PWT Simanjuntak Tutup Usia
HKBP Berduka, SAE Nababan dan PWT Simanjuntak Sempat Konflik Perebutan Jabatan Ephorus
Ephorus HKBP Periode 1993-1998 Pdt PWT Simanjuntak meninggal dunia di RS Cikini Jakarta, Minggu (30/5/2021) pukul 06.03 WIB
Penulis: Hendrik Naipospos | Editor: Hendrik Naipospos
HKBP memiliki dua pucuk pimpinan pada periode 1993 hingga 1998.
Keduanya pernah terlibat konflik di masa-masa tersebut.
Disadur dari buku tulisan Bungaran Antonius Simanjuntak dalam judul 'Konflik Status dan Kekuasaan Orang Batak Toba' Terbitan Jakarta: Yayasan Obor Indonesia, 2009, dijelaskan bagaimanan konlik perebutan kekuasaan di HKBP terjadi pada era SAE Nababan.
"Terdapat preseden bahwa jabatan sekretaris jenderal (sekjen) merupakan jalur strategis untuk mencapai jabatan puncak Ephorus setelah keberhasilan mantan sekjen Ds T Sihombing dan Ds GHM Siahaan.
Karena itu Ds PM Sihombing sebagai sekjen mempersiapkan diri dengan membina para pendeta. Di luar gereja pusat dan daerah,” demikian ditulis Bungaran.
Untuk memenangkan pemilihan ephorus, terjadi negosiasi rahasia tiga tokoh di Hotel Polonia Medan awal 1987 antara Ds PM Sihombing, Rajagukguk SH, dan SAE Nababan. Diputuskan bahwa Sihombing jadi Ephorus di HKBP, SAE Nababan ketua PGI (Persatuan Gereja-Gereja Indonesia).
Ternyata SAE Nababan turut dicalonkan dalam pemilihan Ephorus HKBP tahun 1987 dan menang.

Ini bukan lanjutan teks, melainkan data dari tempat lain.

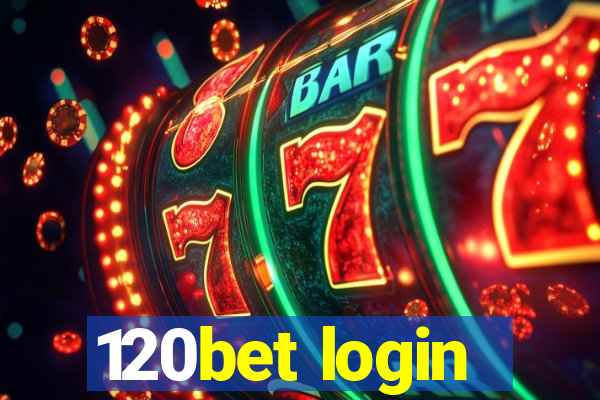 120bet login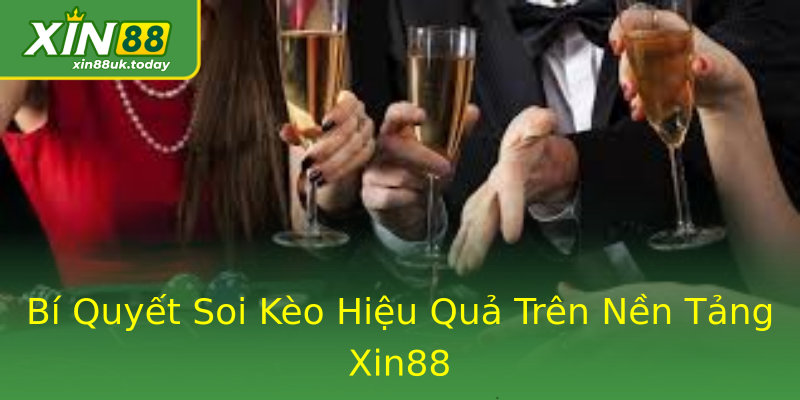 Bí Quyết Soi Kèo Hiệu Quả Trên Nền Tảng Xin88 Bí Quyết Soi Kèo Hiệu Quả Trên Nền Tảng Xin88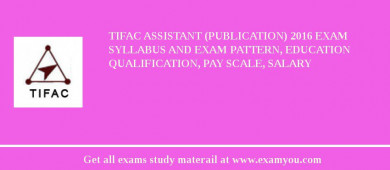 TIFAC Assistant (Publication) 2018 Exam Syllabus And Exam Pattern, Education Qualification, Pay scale, Salary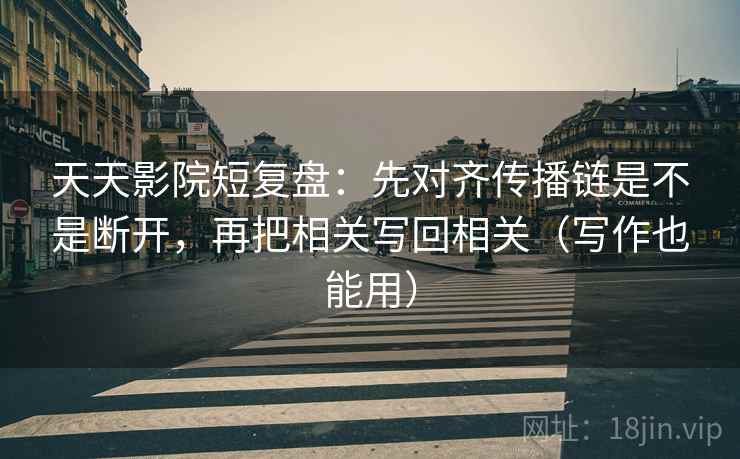 天天影院短复盘：先对齐传播链是不是断开，再把相关写回相关（写作也能用）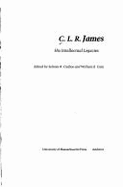 C. L. R. James: His Intellectual Legacy - Cudjoe, Selwyn Reginald (Editor), and Cain, William E (Editor)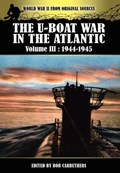 The U-boat War In The Atlantic Volume 3 | Bob Carruthers | 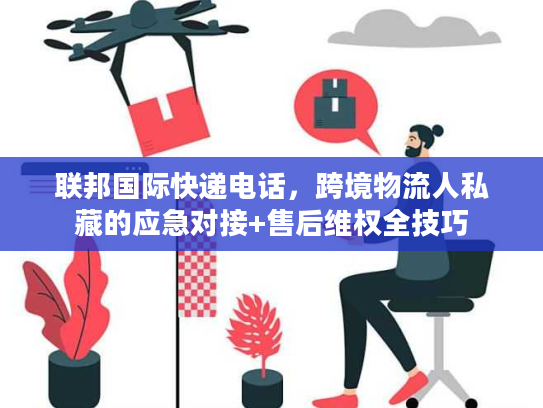 联邦国际快递电话，跨境物流人私藏的应急对接+售后维权全技巧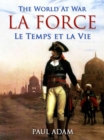 La Force / Le Temps et la Vie - eBook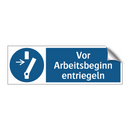 Vor Arbeitsbeginn entriegeln
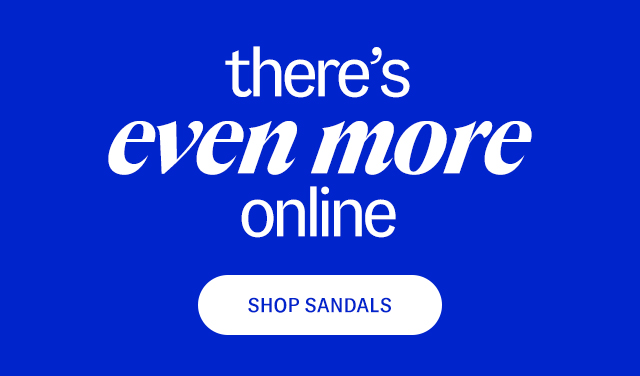 there's even more online - shop sandals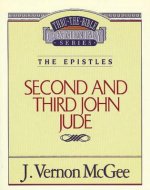 The Epistles: Second and Third John, Jude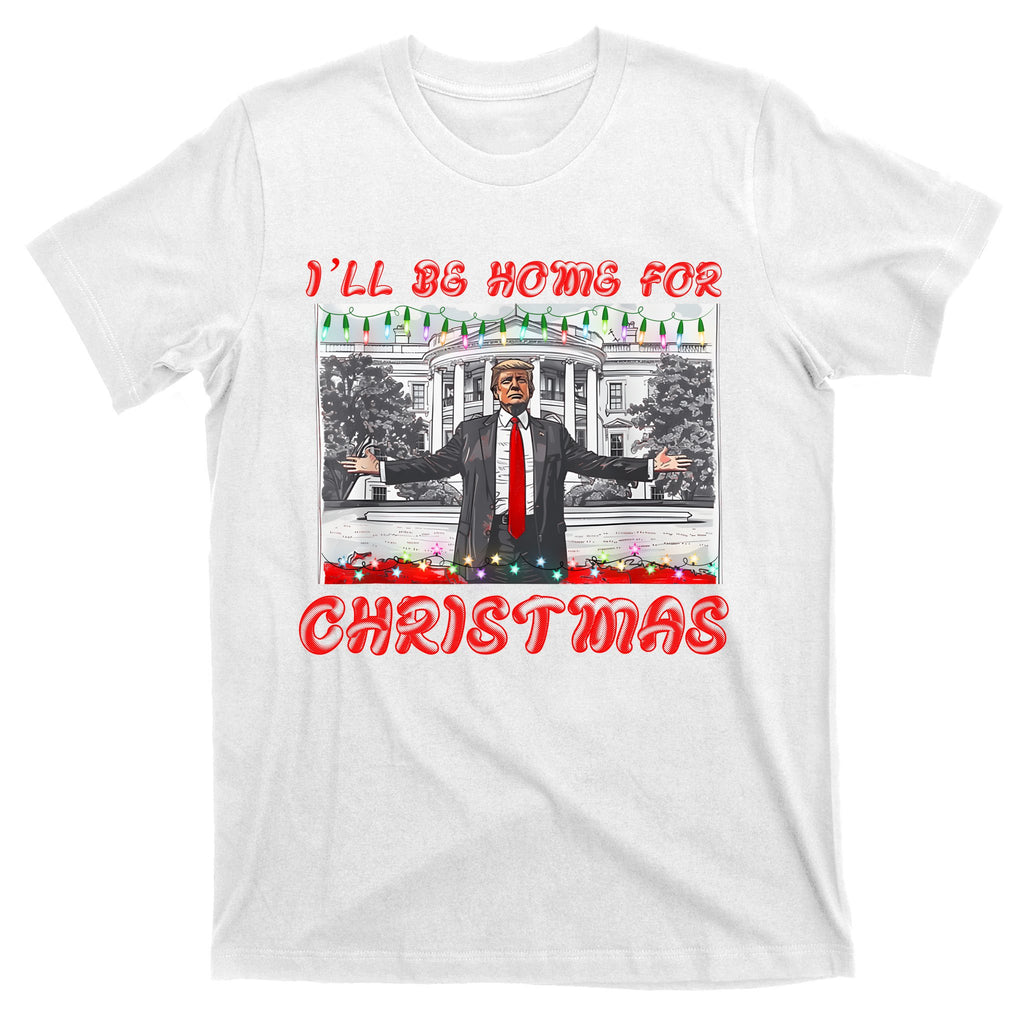I Will Be Home For Christmas Donald Trump 47th President Of The United States T-Shirt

Alhasil, Sihombing menuduh Nababan mengkhianati kesepakatan di Hotel Polonia dan melakukan perlawanan melalui kelompok par-retreat.
Pergolakan semakin besar setelah mahasiswa dan dosen simpatisan par-ritrit di Universitas HKBP Nommensen melakukan unjuk rasa dan menuntut SAE Nababan turun dari jabatan Ephorus.

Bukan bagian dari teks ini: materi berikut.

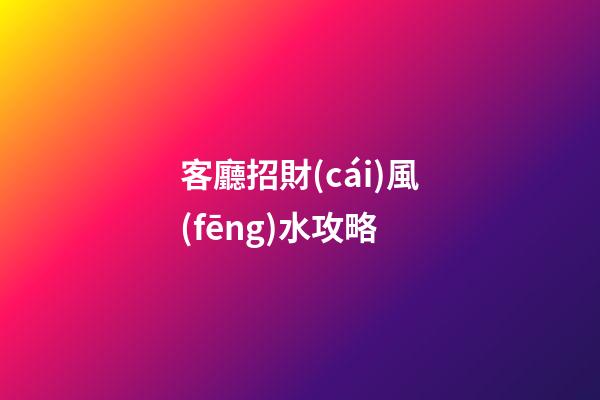 客廳招財(cái)風(fēng)水攻略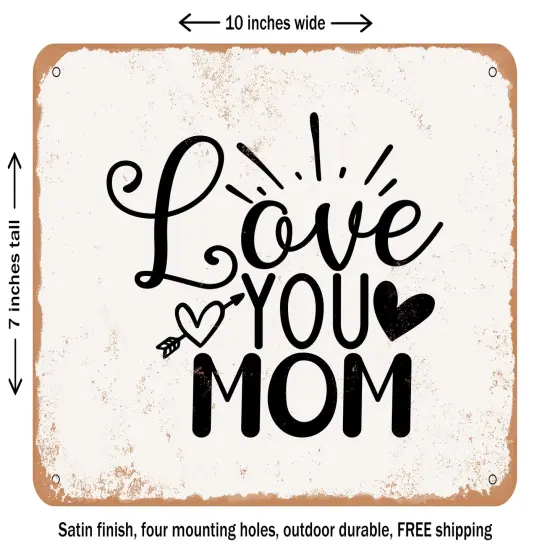 DECORATIVE METAL SIGN - Love You Mom - Vintage Rusty Look {1}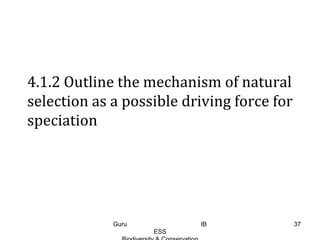 4.1.2 Outline the mechanism of natural
selection as a possible driving force for
speciation
37Guru IB
ESS
 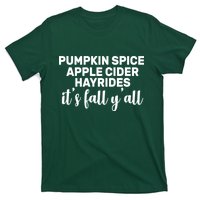  Pumpkin Spice It's Fall Y'all T-Shirt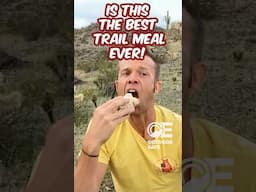 Best trail meal ever!?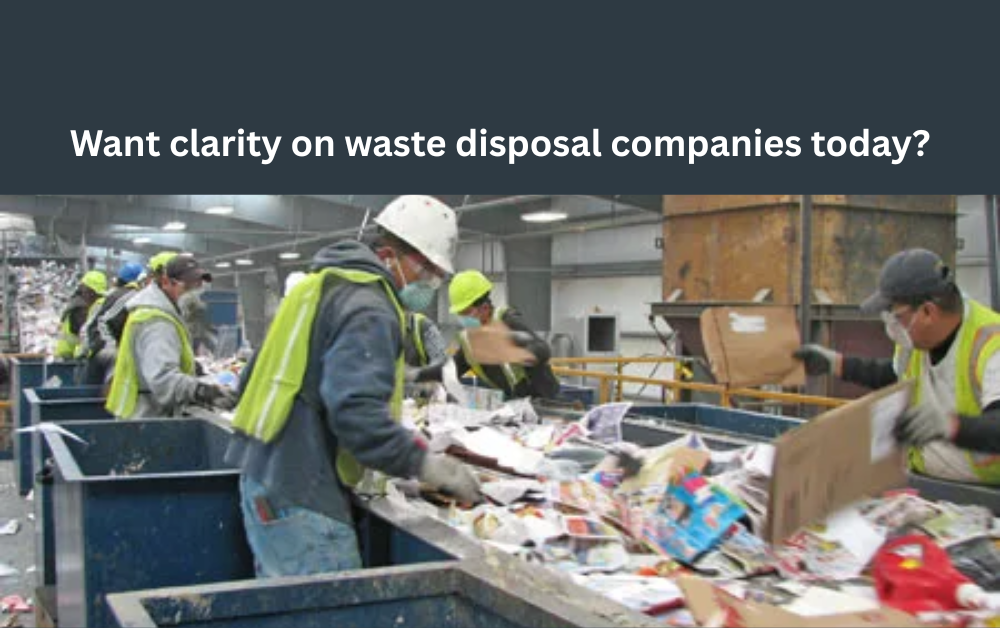 Want clarity on waste disposal companies today?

Pembakaran laboratorium sebagai rangkaian aksi unjuk rasa tidak berhasil diusut tuntas pihak kepolisian.
Berbagai kelompok formal dan informal turut mencampuri konflik internal HKBP, antara lain Tim Damai di bawah pimpinan Jenderal (Purn) Maraden Panggabean (Ketua DPA waktu itu), perusahaan PT Inti Indo Rayon yang mendukung mantan sekjen PM Sihombing.

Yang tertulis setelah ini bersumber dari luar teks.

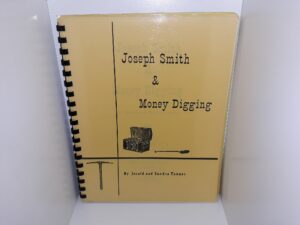 Joseph Smith & Money Digging (1970) ~ by Jerald and Sandra Tanner
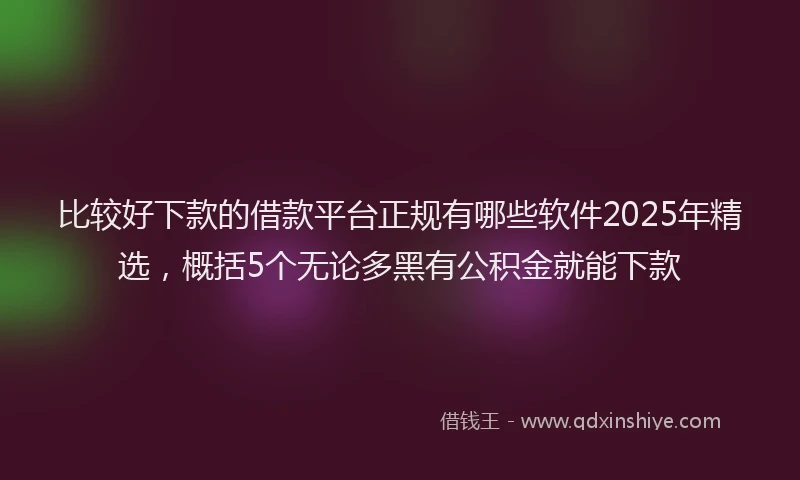 比较好下款的借款平台正规有哪些软件2025年精选，概括5个无论多黑有公积金就能下款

Berbagai forum yang tumbuh dari kalangan warga dan sintua, serta pemerintah melalui Gubernur dan ketua Bakorstanasda/Panglima Kodam I Bukit Barisan.
Konflik yang pada mulanya hanya terjadi di antara pendeta dan pengurus pusat HKBP, menjalar ke kalangan jemaat secara terbuka setelah campur tangan rezim Orde Baru.
Ketua Bakorstanasda Sumbagut Mayjen Pramono mengangkat Pendeta Dr SM Siahaan menjadi penjabat Ephorus, dengan tugas utama mengakhiri kemelut HKBP.
Akibat keputusan itu, ribuan warga HKBP melakukan penolakan dengan demonstrasi ke kantor Gubernur, DPRD, dan markas Kodam I/BB.